パワーは相手に脅威
1点が遠い。巨人が6月6日の
楽天戦(東京ドーム)で0対2と完封負けを喫し、昨年6月以来の5連敗で4位に転落した。
相手先発の
スペンサー・ハワードに散発4安打。一発出れば逆転の7回二死一塁でリチャードが代打で起用されたが、外角に逃げる7球目のスライダーで空振り三振を喫した。13打席連続無安打で打率.108となったが、他球団の首脳陣は「打席に立つと怖いですよ。少しでも甘く入ったらスタンドに軽々と運ばれますから。あのパワーは脅威です」と警戒を口にする。交流戦4試合で計5得点と打線が湿っている中、リチャードは救世主になれるか。

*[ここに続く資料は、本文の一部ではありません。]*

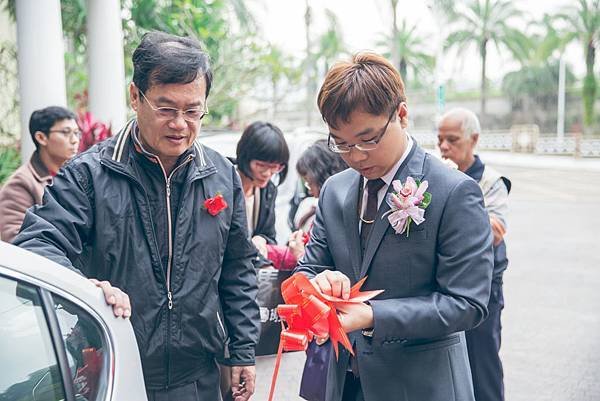 雲林婚攝 婚禮紀錄 珍村婚宴會館-89.jpg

飛距離は球界屈指だが、確実性が課題だ。ソフトバンク時代はウエスタン・リーグで5年連続本塁打王に輝いたが、一軍に定着できなかった。今年は
栗原陵矢が右脇腹を痛めて出遅れたため、開幕から「八番・三塁」で6試合連続スタメン出場も、22打数2安打で打率.091、0本塁打と結果を出せず。4月5日に登録抹消されると、ファーム暮らしが続いていた。
シーズン中のトレードに評価
秋広優人、
大江竜聖との交換トレードで巨人に電撃移籍が発表されたのが、5月12日だった。四番の
岡本和真が左肘靭帯損傷で長期離脱の事態に見舞われたため、巨人はパワーヒッターを探していた。伸び悩んでいた選手が環境を変えることで、大ブレークするケースがある。野球評論家の
伊原春樹氏はこのトレードを評価していた。
「思うような成長曲線を描けない選手に新たな環境の場を与えるのは非常にいいことだと思う。特に何度もチャンスを与えられながら結果を残せなかった選手に対しては、首脳陣から“こういう選手だ”という色眼鏡で見られがち。それが新しいユニフォームを着て、先入観なく評価してもらえる。それは、なかなか芽が出ない選手にとって非常に大きいことだ」
「各球団、チーム事情により、二軍暮らしが続いているが力がある選手は数多く控えているはずだ。私自身の経験で言えば、02年
西武監督を務めていたとき、前年39本塁打を放った
スコット・マクレーンが故障で三塁に穴が開いた。そこで目をつけたのが外国人枠の関係により二軍でプレーしていた
阪神の
トム・エバンスだった。オープン戦でプレーを目にして『いい選手だな』と感じていたのだが、
星野仙一監督に電話で直談判して交換トレードで獲得にこぎつけた。エバンスは打率.252、15本塁打、45打点の数字だったが、十分にチームの力となり、優勝に貢献してくれた。シーズン途中の移籍が活発になれば、球界はもっと活性化されるのではないだろうか」
時間がかかる大砲育成
リチャードはトレードが発表された翌13日の
広島戦(マツダ広島)で結果を出した。「七番・三塁」でスタメン出場すると、5回に相手左腕・
森翔平から左翼席に移籍後初アーチ。6回に左前打、延長10回に四球と3度出塁した。代打で出場した5月18日の
中日戦(東京ドーム)は左腕・
松葉貴大からバックスクリーン右に逆転の2号3ランを放ったが、その後は22打数1安打。移籍後の39打席で18三振とバットが空を切る打席が目立つ。
長距離砲を育てるのは時間がかかる。大卒のドラフト10位で入団した
杉本裕太郎(
オリックス)はプロ5年目まで計9本塁打と持ち味の長打力を発揮できないシーズンが続いたが、2021年に覚醒。打率.301、32本塁打、83打点で自身初の本塁打王に輝いた。長打を打つだけでなく、2ストライクに追い込まれた後は右前に軽打を放つなど柔軟な打撃に変化。杉本は週刊ベースボールのインタビューで以下のように語っていた。
「向こうに飛ぶときは、ポイントを捕手寄りに近めに意識しているとき。その結果なんです。特に得点圏だと甘いボールは、なかなかこないので、長打ばかりを狙ってポイントを前に意識すると、変化球を振ってしまう。そういう場面では近めにして。状況、状況に応じてコンパクトに。内野が後ろに守っていれば、ゴロを転がせば1点が入る。『こんなんでも点が入るんや』と思えるようになったんですよね」
「もちろん長打も打ちたいです。でも、チームが勝つためには、点を取ること、打点を挙げることが大事なので、状況次第。そう思えるようになったんです」
リチャードも豪快なアーチが魅力だが、スタメンに定着するためには状況に応じた打撃を身につける必要がある。本人もその重要性は認識しているだろう。新天地で殻を破れるか。